- [DATA FOR REVIEW]:
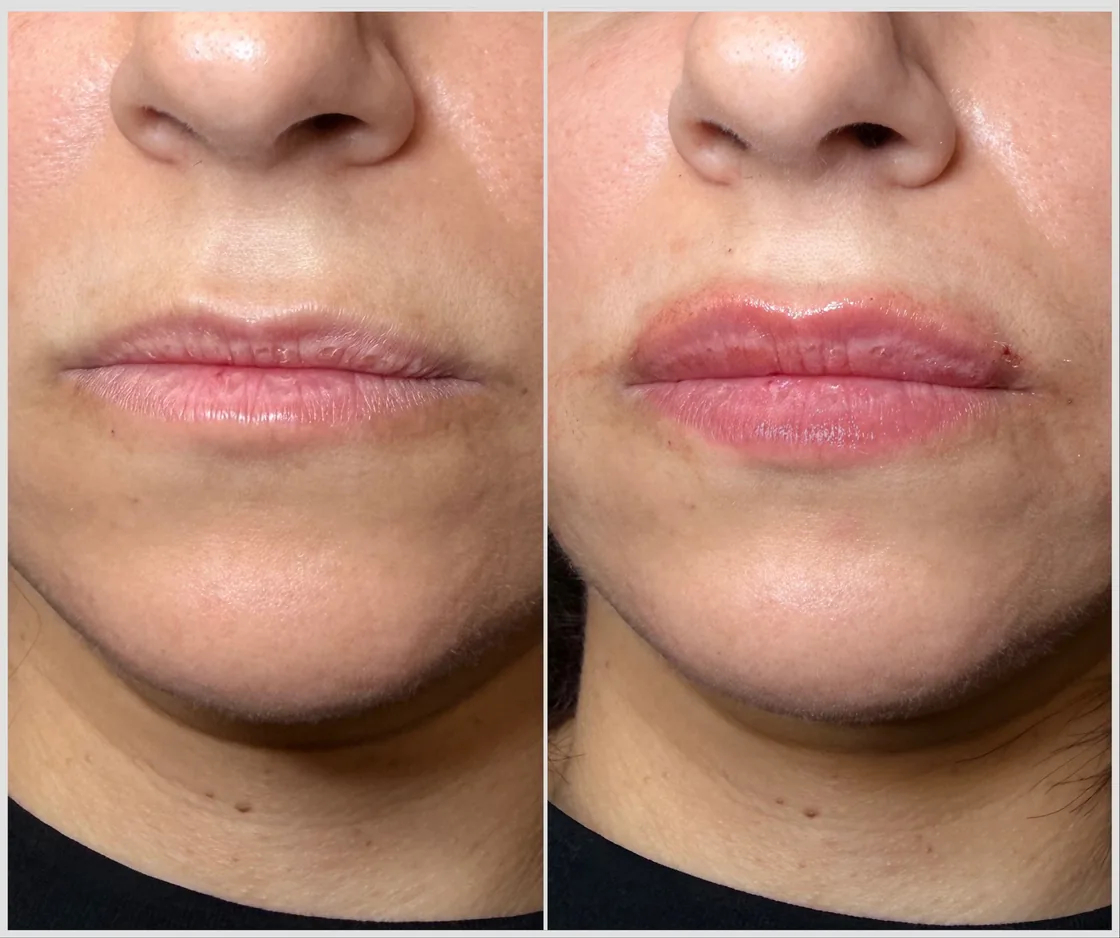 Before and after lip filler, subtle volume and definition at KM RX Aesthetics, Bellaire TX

---

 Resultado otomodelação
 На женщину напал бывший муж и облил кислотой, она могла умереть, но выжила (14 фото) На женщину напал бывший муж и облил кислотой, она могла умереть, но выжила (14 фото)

- [ABOUT THIS EXERCISE]: In the listing above, find the line with "Resultado otomodelação" and the line with "выжила (14 фото) На"; output exactly those lines and all lines between them.

- [OUTPUT FOR THIS EXERCISE]:
 Resultado otomodelação
 На женщину напал бывший муж и облил кислотой, она могла умереть, но выжила (14 фото) На женщину напал бывший муж и облил кислотой, она могла умереть, но выжила (14 фото)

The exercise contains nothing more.